Il quadrante in avventurina: un materiale nato per caso
Al centro del progetto vi è il quadrante, realizzato con un materiale che ha una storia a sé: l’avventurina, o vetro avventurinato. Distinta dall’avventurina minerale — una pietra della famiglia dei quarzi — questa varietà vetrosa presenta inclusioni brillanti che evocano lo scintillio delle stelle su un fondo di blu intenso, il cosiddetto blu Goldfluss. Si ritiene che l’avventurina sia nata nel XVII secolo sull’isola di Murano, dove lavoravano i maestri vetrai veneziani, in seguito alla caduta accidentale di limatura di rame nel vetro fuso: un errore che si trasformò in una delle più celebri scoperte dell’artigianato europeo.
Lavorare questo materiale non è semplice. Sensibile agli sbalzi di temperatura e soggetta a microfessurazioni, l’avventurina richiede strumenti specifici e una precisione estrema in ogni fase: taglio, foratura, finitura. Nel BR-05 Blue Diamond Eagle 36MM, il quadrante è composto da una placca rigida in ottone — che costituisce la struttura portante — sulla quale viene applicata una placca di vetro avventurinato, tagliata con una precisione dell’ordine del micron.
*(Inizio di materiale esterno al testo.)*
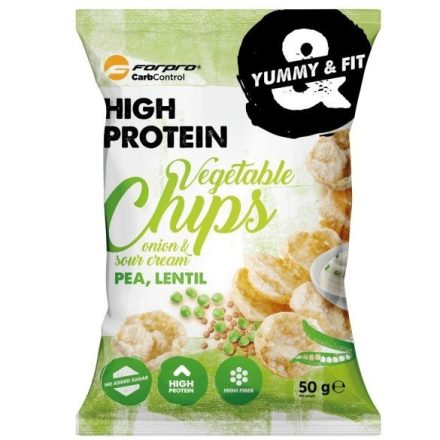 Forpro - Carb Control Protein Vegetable Chips - onion & sour cream 1 karton (50gx15db)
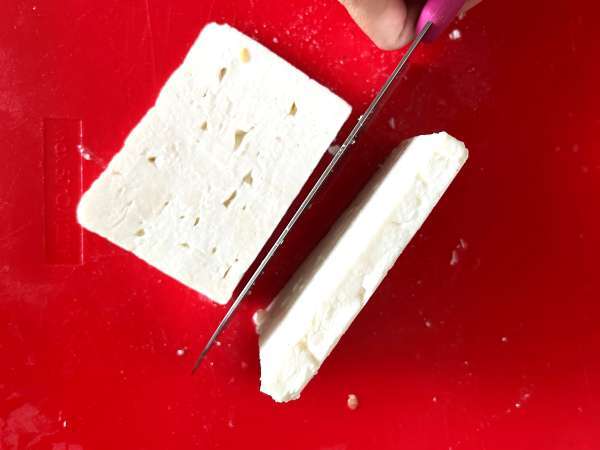 Roti lapis roket feta semangka, resep viral paling segar untuk musim panas! - Persiapan langkah 3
Diciotto diamanti per disegnare una costellazione
La componente più complessa del progetto è l’incastonatura. Sul quadrante in avventurina, sette diamanti riproducono la posizione esatta delle stelle che compongono la costellazione dell’Aquila. Il più grande, collocato tra le ore 10 e le ore 11, raffigura la testa dell’uccello e corrisponde ad Altair, la stella dominante della costellazione. Tre diamanti di taglia intermedia rappresentano le ali e la coda; altri tre, di dimensioni via via più ridotte, completano il tracciato celeste. A questi si aggiungono dodici pietre che sostituiscono i tradizionali indici orari, portando il totale a diciotto diamanti di tre diverse misure distribuiti sull’intera superficie del quadrante.
Ciascuna pietra è incastonata in un supporto in ottone realizzato su misura e fissato da quattro griffe, poi inserito con grande precisione nei fori praticati sull’avventurina. Secondo quanto dichiarato dal produttore, ogni gesto in questa fase deve essere calibrato al millimetro per evitare qualsiasi sollecitazione sul vetro e garantire la stabilità delle pietre nel tempo. Il risultato è frutto della combinazione tra la competenza tecnica delle officine svizzere di Bell & Ross e il savoir-faire artigianale nell’incastonatura manuale.
L’Aquila tra mito e astronomia
La scelta della costellazione dell’Aquila non è casuale nel contesto del marchio. Aquila — chiamata anche Aqila — è visibile nelle notti estive e nei primi giorni d’autunno nell’emisfero nord. Il suo nome deriva dall’arabo “al-nasr al-taïr”, che significa “l’aquila in volo”, e la sua stella principale, Altair, è uno dei tre vertici del cosiddetto Triangolo estivo. Nella mitologia greca, l’aquila con le ali spiegate era il messaggero di Zeus, figura di raccordo tra il cielo e la terra. Per un marchio la cui intera storia è costruita attorno all’universo dell’aviazione, il riferimento ha una coerenza precisa: la costellazione diventa così una firma visiva e simbolica al tempo stesso.
Specifiche tecniche
Il BR-05 Blue Diamond Eagle 36MM è identificato dal codice BR05A-S-EA-ST/SST. Il calibro BR-CAL.329 è un movimento meccanico automatico con riserva di carica di 54 ore. La cassa misura 36mm di larghezza e 8,7mm di spessore, in acciaio lucido-satinato con corona avvitata e copri-corona. Il quadrante è in avventurina con diciotto diamanti, vetro zaffiro antiriflesso, impermeabilità fino a 100 metri. Bracciale e fibbia déployante in acciaio lucido-satinato.